The Domain Wintergardens is a complex of gardens located within the Pukekawa / Auckland Domain. It is registered with the New Zealand Historic Places Trust as a Category I historic place.

Description
The Wintergardens consists of two large glasshouses: one non-heated Temperate House and one Tropical House (heated to an average of 28 °C). In between the two glasshouses there is an ornate courtyard with several neoclassical statues and a sunken pond in the centre. Off to one side is the Fernery which is situated in a former scoria quarry in the side of the small volcanic cone named Pukekaroro.

History
The Domain Wintergardens were constructed following World War I with funds generated from the Industrial, Agricultural and Mining Exhibition of 1913-1914 (which was held at the same site). Additional funding for the Wintergardens came from a variety of other local benefactors. Perhaps most significantly was local businessman Sir George Elliot, who was the chairman of the exhibition, and also chairman of the Bank of New Zealand.
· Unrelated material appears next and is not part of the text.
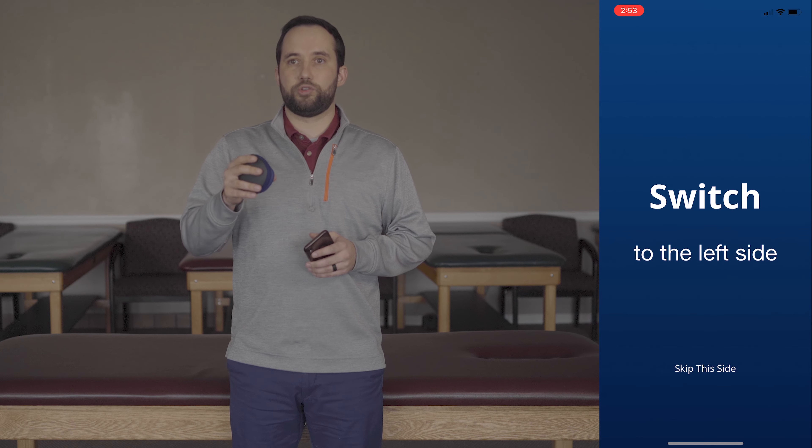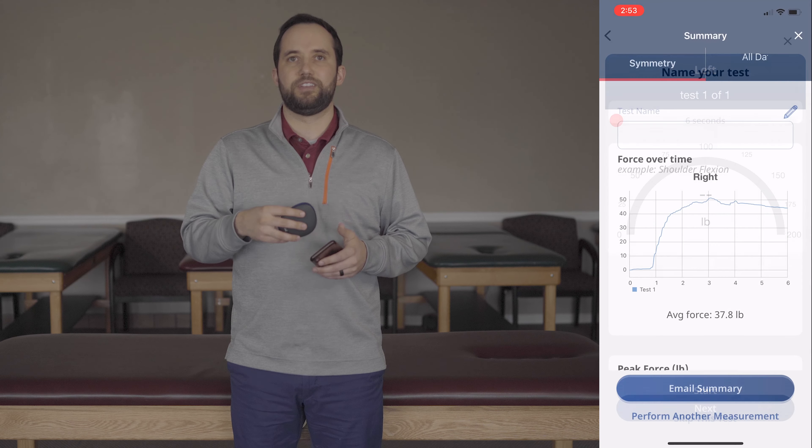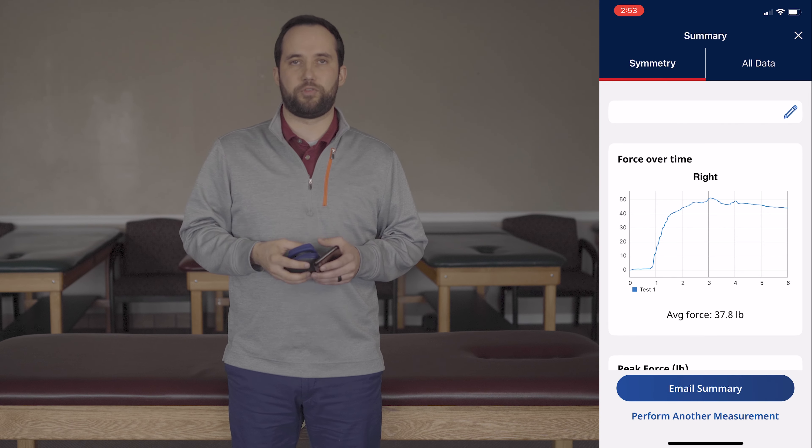At this point you'll be able to choose if you want to do the next side or if you want to redo the test. You'll perform the test on the other side, and at that point you can email the summary to yourself or you can perform the measurement again.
The Pukekawa / Auckland Domain had been a public park since 1844 but was considered to be an area that was frequented by "undesirables". The Wintergardens were considered to be part of the gentrification of the park, providing an attraction for people in the area during the winter months.

Construction
The gardens were designed by Gummer and Ford, showing considerable influence from the English partnership of Edwin Lutyens and Gertrude Jekyll and the Arts and Crafts movement.

Initially only the Temperate House was built. This was opened and presented to the people of Auckland on 12 October 1921. The courtyard, the Tropical House, and the Fernery were added later in the 1920s. The initial stage cost £4000 to build. The second stage was constructed by Fletcher Building at a cost of £19500.

The Mayor of Auckland City, George Baildon, officially opened the completed Wintergardens on 2 May 1928.

Renovations
Many of the statues in the courtyard were added in 1945, and the sunken pond in the centre of the gardens was installed in 1954.
A significant reconstruction project was undertaken during 1993 and 1994 to renovate the Wintergardens.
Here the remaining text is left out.